Mais en 1957, le Docteur AUPLAT, son épouse et leurs deux fils découvrent le château et le parc qui s’est transformé en jungle. Le radiologue achète la propriété en 1958 ; désormais le voila parfois ingénieur, puis botaniste pour tout remettre en activité.

Par exemple :

- travaux de déblayement et d’aménagement

- installation d’un réseau de canalisations (4km)

- forage d’un puits de 30 m pour capter l’eau

Des végétaux disparus et rares sont réimplantés

(azalées, rhododendrons, cyprès et érables du Japon).
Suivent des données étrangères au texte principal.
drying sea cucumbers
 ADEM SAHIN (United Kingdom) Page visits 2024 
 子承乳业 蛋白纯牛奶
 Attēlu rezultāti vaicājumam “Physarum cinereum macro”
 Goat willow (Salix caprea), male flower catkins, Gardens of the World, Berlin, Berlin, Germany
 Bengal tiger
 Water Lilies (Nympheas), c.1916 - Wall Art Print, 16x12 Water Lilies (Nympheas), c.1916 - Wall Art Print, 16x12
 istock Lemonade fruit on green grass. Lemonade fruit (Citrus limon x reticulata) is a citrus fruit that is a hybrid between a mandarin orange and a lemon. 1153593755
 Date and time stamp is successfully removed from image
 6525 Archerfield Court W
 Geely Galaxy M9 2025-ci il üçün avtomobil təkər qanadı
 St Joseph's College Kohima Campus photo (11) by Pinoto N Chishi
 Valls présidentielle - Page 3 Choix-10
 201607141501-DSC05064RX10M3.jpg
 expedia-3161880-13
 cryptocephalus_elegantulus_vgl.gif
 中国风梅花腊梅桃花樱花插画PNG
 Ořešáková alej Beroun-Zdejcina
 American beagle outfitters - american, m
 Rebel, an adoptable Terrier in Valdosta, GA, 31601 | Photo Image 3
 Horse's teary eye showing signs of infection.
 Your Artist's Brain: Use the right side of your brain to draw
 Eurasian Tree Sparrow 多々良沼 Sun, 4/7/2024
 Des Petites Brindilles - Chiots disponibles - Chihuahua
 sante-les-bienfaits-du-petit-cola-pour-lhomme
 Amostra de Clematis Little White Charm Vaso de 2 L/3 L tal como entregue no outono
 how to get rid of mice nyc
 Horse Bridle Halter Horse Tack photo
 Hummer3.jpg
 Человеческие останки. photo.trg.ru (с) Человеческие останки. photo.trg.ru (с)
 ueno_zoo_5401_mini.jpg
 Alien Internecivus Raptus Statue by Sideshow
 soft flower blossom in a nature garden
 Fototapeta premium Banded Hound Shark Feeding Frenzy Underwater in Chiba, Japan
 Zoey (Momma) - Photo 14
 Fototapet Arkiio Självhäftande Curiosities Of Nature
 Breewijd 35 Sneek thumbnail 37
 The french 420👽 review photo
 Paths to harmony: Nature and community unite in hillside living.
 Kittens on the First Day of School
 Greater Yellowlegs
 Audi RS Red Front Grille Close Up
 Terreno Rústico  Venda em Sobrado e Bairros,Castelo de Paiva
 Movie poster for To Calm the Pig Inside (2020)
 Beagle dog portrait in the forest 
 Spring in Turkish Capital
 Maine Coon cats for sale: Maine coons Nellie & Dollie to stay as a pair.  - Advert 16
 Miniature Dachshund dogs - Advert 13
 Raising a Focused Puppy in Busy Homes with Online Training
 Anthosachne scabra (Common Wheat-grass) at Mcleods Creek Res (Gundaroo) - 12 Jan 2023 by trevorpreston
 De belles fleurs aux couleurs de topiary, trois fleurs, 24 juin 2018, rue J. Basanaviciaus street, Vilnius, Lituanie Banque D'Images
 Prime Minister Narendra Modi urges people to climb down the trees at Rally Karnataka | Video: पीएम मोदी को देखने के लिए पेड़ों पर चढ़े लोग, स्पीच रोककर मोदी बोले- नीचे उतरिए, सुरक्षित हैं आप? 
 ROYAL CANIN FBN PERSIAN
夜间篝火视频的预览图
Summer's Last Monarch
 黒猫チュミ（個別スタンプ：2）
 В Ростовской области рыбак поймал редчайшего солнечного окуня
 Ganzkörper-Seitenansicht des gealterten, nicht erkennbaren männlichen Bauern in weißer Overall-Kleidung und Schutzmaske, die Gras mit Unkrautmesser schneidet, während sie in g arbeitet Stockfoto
Grâce à ce travail de titan, les premiers visiteurs peuvent être accueillis en 1980.

Beaucoup de choses vont voir le jour : des jardins japonais, un jardin d’hiver et des places de parking.

En automne 1988 a lieu l’inauguration officielle.

En 1997 le Docteur AUPLAT vint à décéder ; le fils aîné aidé d’un paysagiste et d’un jardinier poursuit l’œuvre entrepris par le père. De nouvelles haies et de nouveaux espaces sont crées, des plans de circulation sont améliorés et des plaquettes pour les visiteurs sont éditées.

La tempête de 1999 a abattu plus de 130 arbres. 2000 est consacrée à la remise en état ; un soin particulier est apporté à l’art japonais des jardins (les cinq pierres, le pont et les pièces d’eau).